• **Pictures with short captions**
= = = =
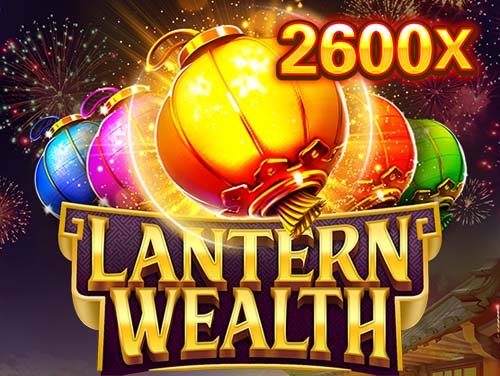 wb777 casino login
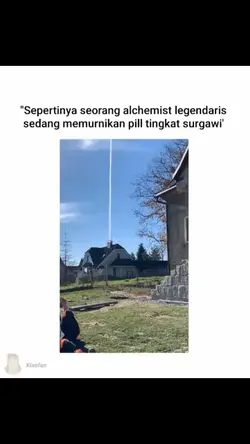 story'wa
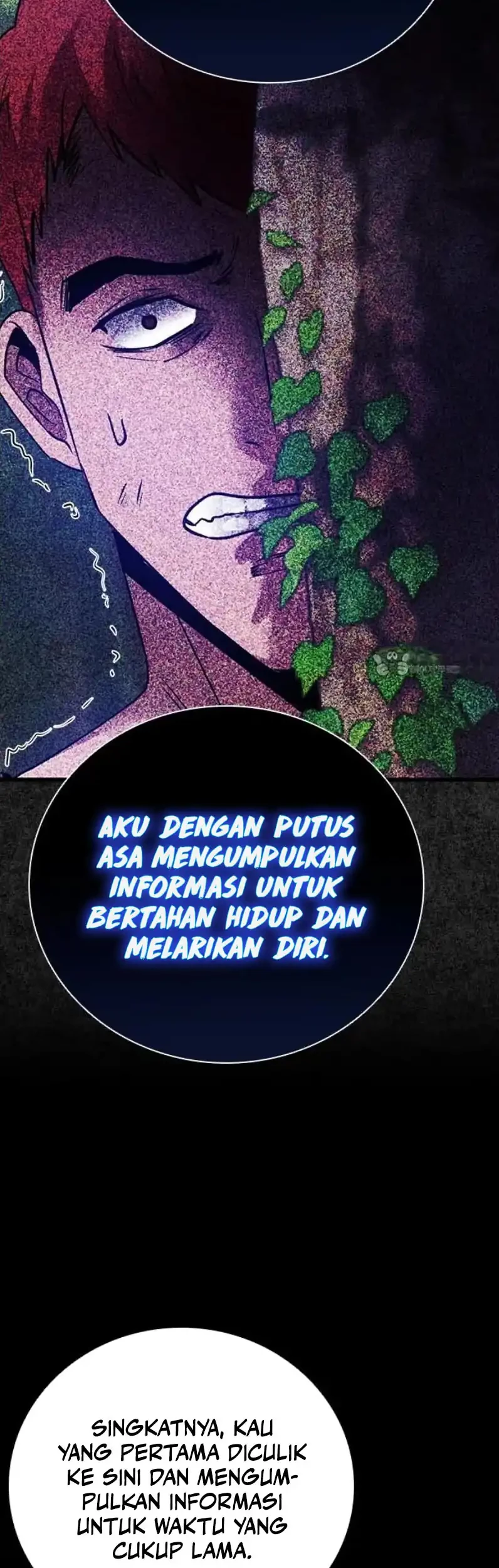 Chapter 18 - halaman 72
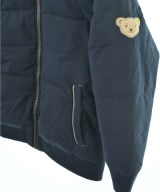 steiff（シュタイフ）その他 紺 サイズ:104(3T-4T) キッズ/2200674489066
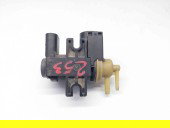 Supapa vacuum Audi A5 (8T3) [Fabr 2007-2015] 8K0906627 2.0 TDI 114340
= = = =
• **TRY IT**
Without the pictures, write out every entry exactly as it appears.

• **SOLUTION TO THIS TASK**
 wb777 casino login
 story'wa
 Chapter 18 - halaman 72
 steiff（シュタイフ）その他 紺 サイズ:104(3T-4T) キッズ/2200674489066
 Supapa vacuum Audi A5 (8T3) [Fabr 2007-2015] 8K0906627 2.0 TDI 114340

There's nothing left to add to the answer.